Doch wer hat im Herbst 2008 die Weltfinanzkrise ausgelöst und warum sollte das westliche Finanz- und Wirtschaftssystem zum Einsturz gebracht werden? Freeman macht dafür eine anti-westliche Allianz verantwortlich, zu denen er islamistische Terrorgruppen zählt, die von Staaten im Nahen Osten unterstützt werden und mit Russland und China in Verbindung stehen. Er vermutet darüber hinaus eine Verwicklung bestimmter Vertreter der internationalen Hochfinanz, die in den letzten Jahrzehnten durch zweifelhafte Währungsspekulationen bereits zu fragwürdiger Berühmtheit gelangten. Dass eine solche Allianz zwischen dem islamistischen Terrorismus und dem kommunistischen Lager tatsächlich seit vielen Jahrzehnten existiert, wurde in anderem Zusammenhang bereits dokumentiert. Osama Bin Ladens Videobotschaften lassen deutlich den Einfluss sozialistischer Ideologien erkennen, so zum Beispiel als er seinen Aufruf, den US-Dollar abzustoßen und amerikanische Waren zu boykottieren u.a. damit begründete, dass er George Bush vorwarf, zum Nutzen der amerikanischen Großkonzerne das Kyoto-Protokoll verweigert zu haben und er Spekulation und Monopolkapitalismus für steigende Lebenshaltungskosten verantwortlich machte. Freeman zitiert Bin Laden mit den Worten, seine Anhänger würden »die Schwachstellen im westlichen Finanzsystem so genau kennen, wie die Linien ihrer Hand«. Auch Bin Ladens Stellvertreter und Nachfolger, der mutmaßliche KGB/FSB-Agent Aiman al-Zawahiri, forderte seine Anhänger mehrfach dazu auf, den US-Dollar abzustoßen, denn die westliche Wirtschaft würde zusammenbrechen und der Zusammenbruch würde an den US-Märkten beginnen.

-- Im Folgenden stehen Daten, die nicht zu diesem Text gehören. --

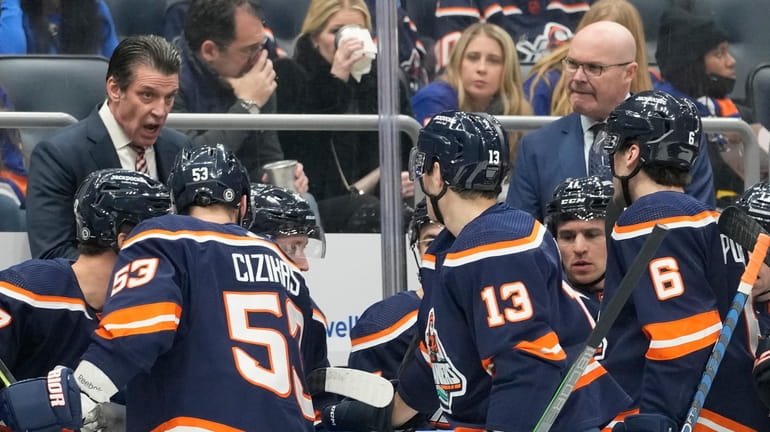 Islanders head coach Lane Lambert, left, talks to his team...
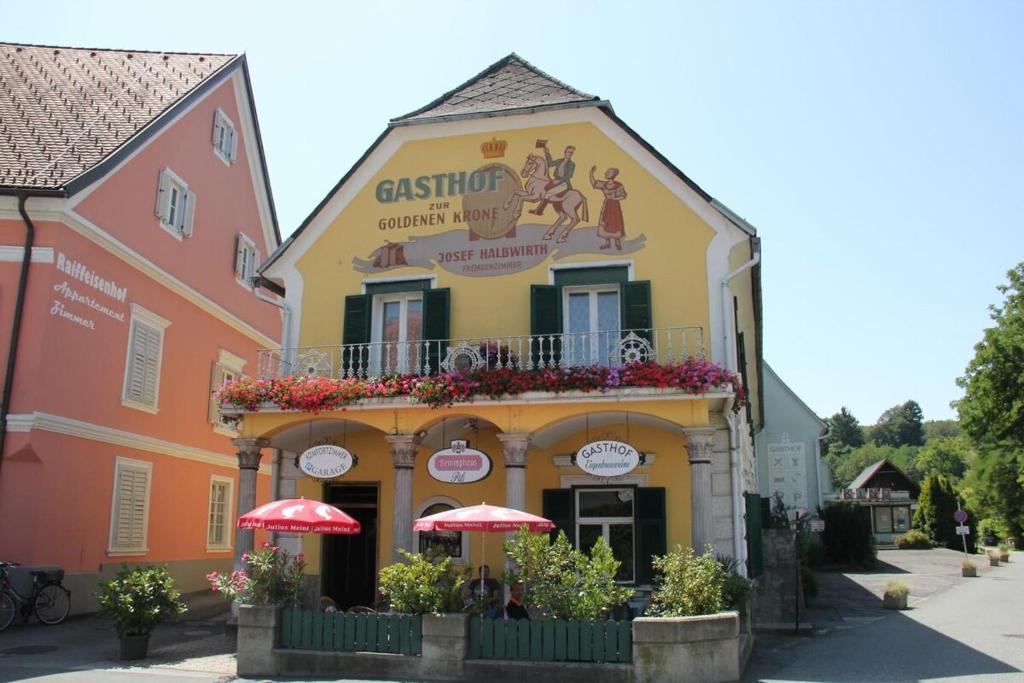 a yellow building with a balcony with red umbrellas at Zur goldenen Krone in Ehrenhausen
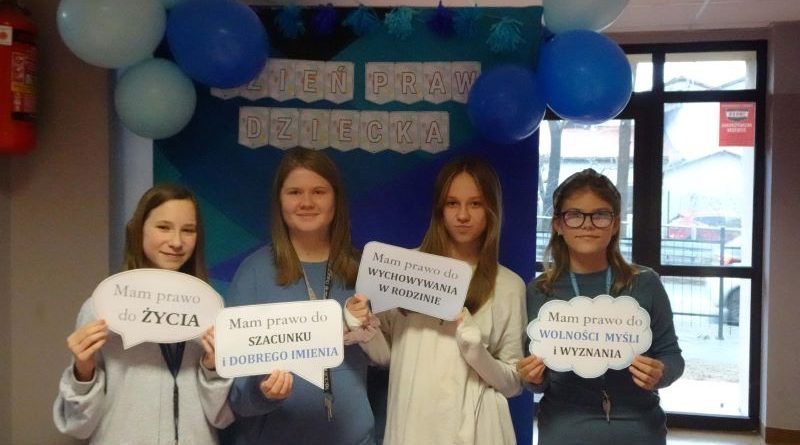 Zdjęcie nr 3 - cztery dziewczynki z klasy 6 stoją na tle niebieskiej ścianki z napisem Dzień Praw Dziecka ozdobionej niebieskimi balonami, dwie dziewczynki mają jasne, kremowe bluzy a dwie mają niebieskie bluzy, wszystkie trzymają chmurki z napisami mam prawo do życia, szacunku i dobrego imienia, do wychowania w rodzinie, do wolności myśli i wyznania; w tle widać duże okno i drzwi.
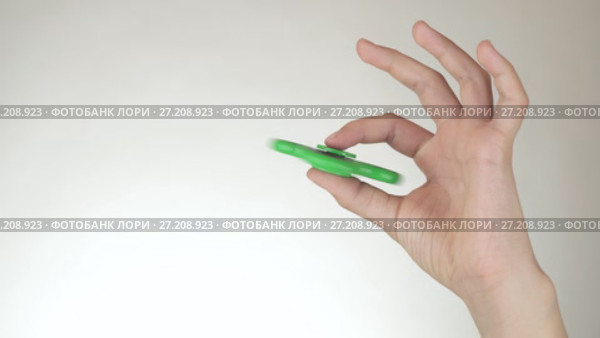 Hands of a teenage girl spin a green fidget spinner on white background stock footage video. Стоковое видео, видеограф Юлия Машкова / Фотобанк Лори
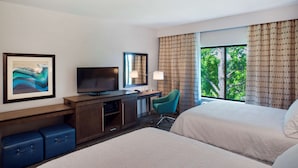 Habitación de hotel con dos camas, un escritorio con televisor, una silla y un ventanal con cortinas.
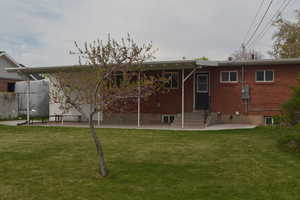Back of house with a lawn, entry steps, and a patio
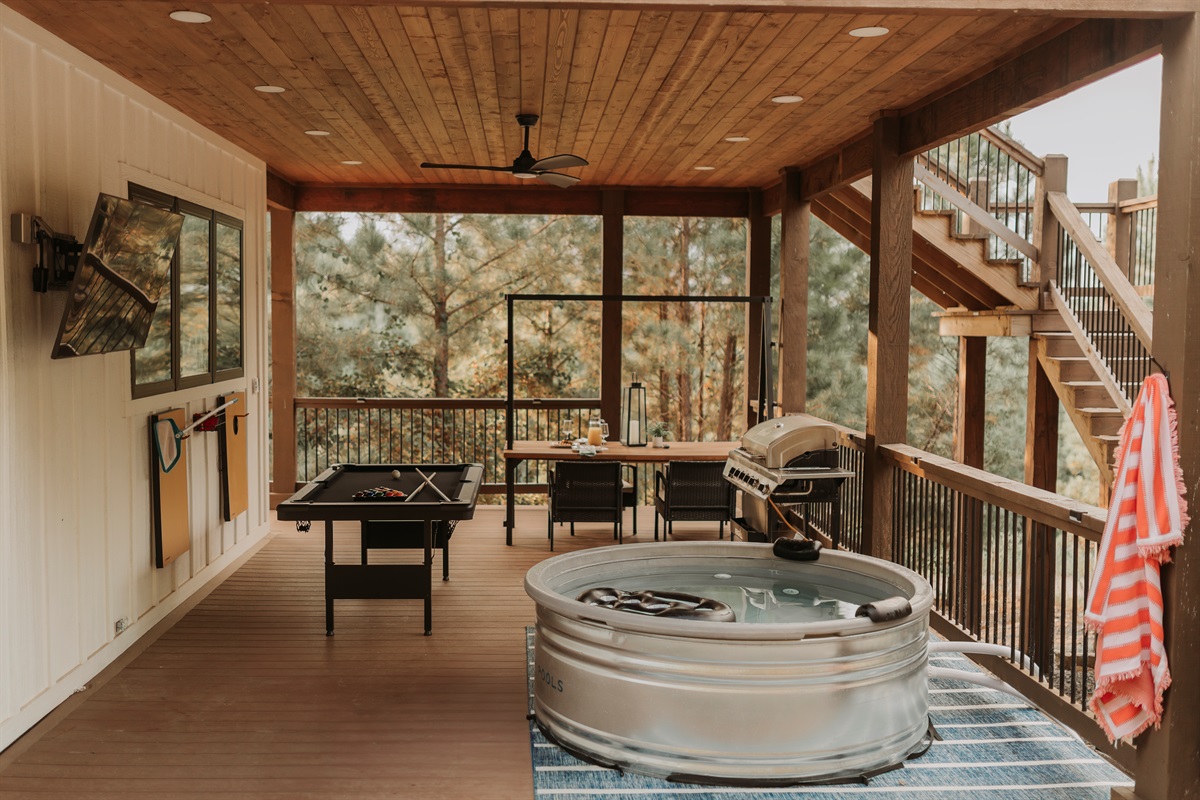 Private Resort-style covered patio, lower-level deck designed for couples: grill dinner, shoot pool, watch TV and unwind in the cocktail pool with nothing but miles of forest around you.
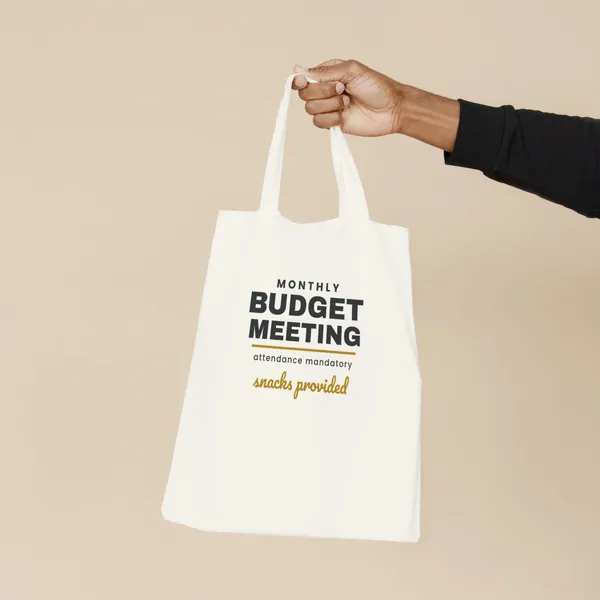 Natural canvas tote bag printed with "Monthly Budget Meeting - Snacks Provided", held by the handles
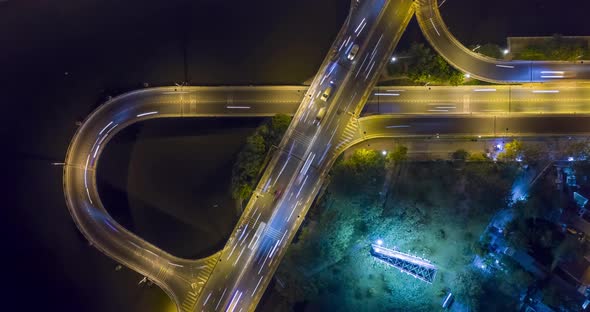 Top down night hyperlapse of freeway ramps and loops with heavy traffic with light streaks. Camera s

Doch Osama Bin Ladens Al-Kaida ist nicht die einzige islamistische Terrorbande, die von Freeman verdächtigt wird, am Finanzcrash von 2008 mitgewirkt zu haben. Er erwähnt u.a. auch die Hamas und die Hisbollah sowie in erster Linie die aus Ägypten stammende Muslimbruderschaft, die es als Teil ihres Dschihads begreift, den Kapitalismus westlicher Prägung durch das Scharia-konforme islamische Finanzwesen zu ersetzen.

Hinter diesen islamischen  Gruppen erkennt Freeman die Beteiligung erdölproduzierender Staaten zu denen er u.a. den Iran und Gaddafis Libyen zählt, aber er vermutet Hintermänner auch in Saudi-Arabien und er erwähnt ausdrücklich auch das Regime von Hugo Chavez in Venezuela. Freeman weist auf die enge Zusammenarbeit zwischen Chavez und dem iranischen Mullah-Regime hin, die in den USA ein gemeinsames Feindbild sehen. Durch Überläufer wurde bekannt, dass Chavez die Terrororganisation Al-Kaida im Jahr 2002 mit einer Million US-Dollar unterstützte. Freeman zitiert Chavez, wie er bei einem Besuch in Teheran im April 2009 erklärte: »Der Kapitalismus muss untergehen. Er muss ein Ende finden. Und wir müssen einen Übergang zu einem neuen Modell finden, das wir Sozialismus nennen.« Doch Teheran war nicht die einzige Station seiner damaligen Reise. Sie führte ihn auch nach Katar, Peking und Moskau und überall forderte er ein Ende des Kapitalismus und warb für ein neues Wirtschaftsbündnis mit einer eigenen, durch Öl gedeckten Reservewährung in Opposition zum Dollar und zur Wall Street.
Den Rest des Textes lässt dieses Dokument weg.